Aujourd'hui, les convertis de l'un ou de l'autre camp ont appris à goûter les plaisirs purs et extrêmes de la musique électronique, du hip hop, ou de tout autre style passé à la moulinette par les Chemical Brothers. Ils n'ont sans doute plus grand raison de se pencher sur le crossover original. Pourtant, les titres des Chem Bros regroupés sur la compilation Singles 93-03 font encore leur petit effet. Ils démontrent que le duo a incomparablement mieux supporté l'épreuve des ans que les contemporains de la même famille (les Propellerheads ou Fatboy Slim, par exemple). Même si (cela est flagrant avec l'ordre chronologique des morceaux) il a progressivement perdu de son brio au fil des ans.

Tout commence en effet assez fort avec "Song to the Sirens", premier buzz, premier coup de force assez irréprochable de ceux qui s'appelaient alors les Dust Brothers. Après, avec le temps des featurings (dès le premier album avec une Beth Orton récurrente, mais plus encore sur le deuxième avec des superstars à la Noël Gallagher ou des cautions underground à la Mercury Rev), les réussites sont encore au rendez-vous ("The Private Psychedelic Reel"), mais le tube, toujours très efficace, se fait déjà plus grossier ("Block Rockin Beats", "Setting Sun"). Les envies de triomphe deviennent plus évidentes encore, la volonté de rejoindre et de prolonger le rock, son histoire, ses moyens, son mythe, plus flagrante. Cela se manifeste encore sur Surrender, quand les Chem Bros recourent (certes avec adresse) au sous-genre racoleur et honni qu'est la trance ("Hey Boy Hey Girl"). Après ce troisième album, disque charnière en demi-teinte, le duo perd de sa superbe et certains de ses titres en deviennent presque insignifiants ("Star Guitar").

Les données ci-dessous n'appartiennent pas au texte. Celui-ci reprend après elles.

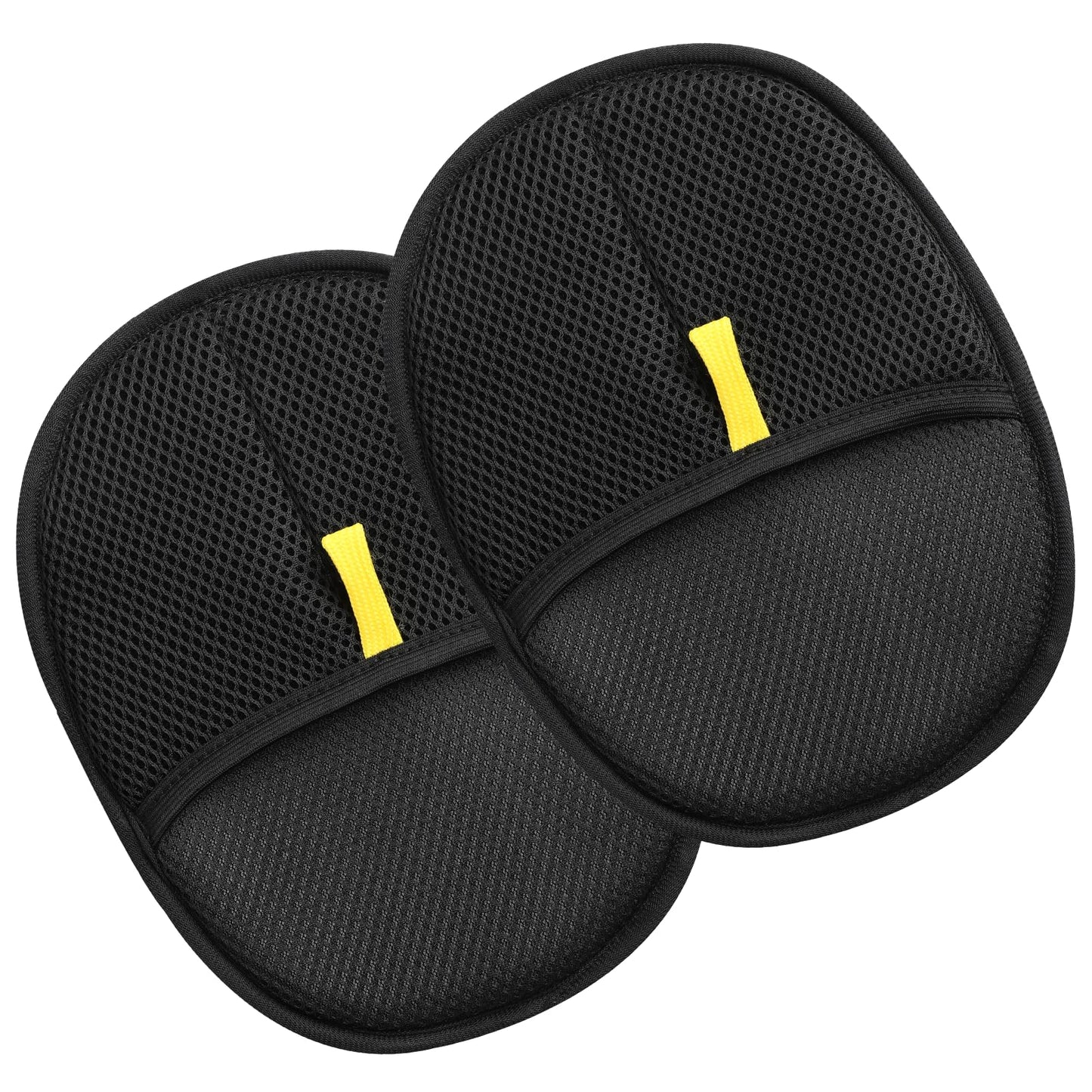 2Pcs Pet Hair Removal Glove, New Upgrade Efficient Grooming Gloves for Pet Hair,Cat Grooming Gloves for Hair Removal,Versatile Reusable Electrostatic Pet Hair Remover Glove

Singles 93-03 a beau se terminer sur un "Golden Path" inédit plutôt pas mal en compagnie des Flaming Lips, il cache mal cette perte de régime logique et naturelle. Mais il contient cependant un bon petit lot de morceaux capables de dynamiter n'importe quelle soirée. Et il devrait donner l'envie à certains, et c'est là l'essentiel, de se replonger sur Exit Planet Dust voire sur Dig Your Own Hole, le choc encaissé, l'enthousiasme retombé, mais le plaisir inchangé.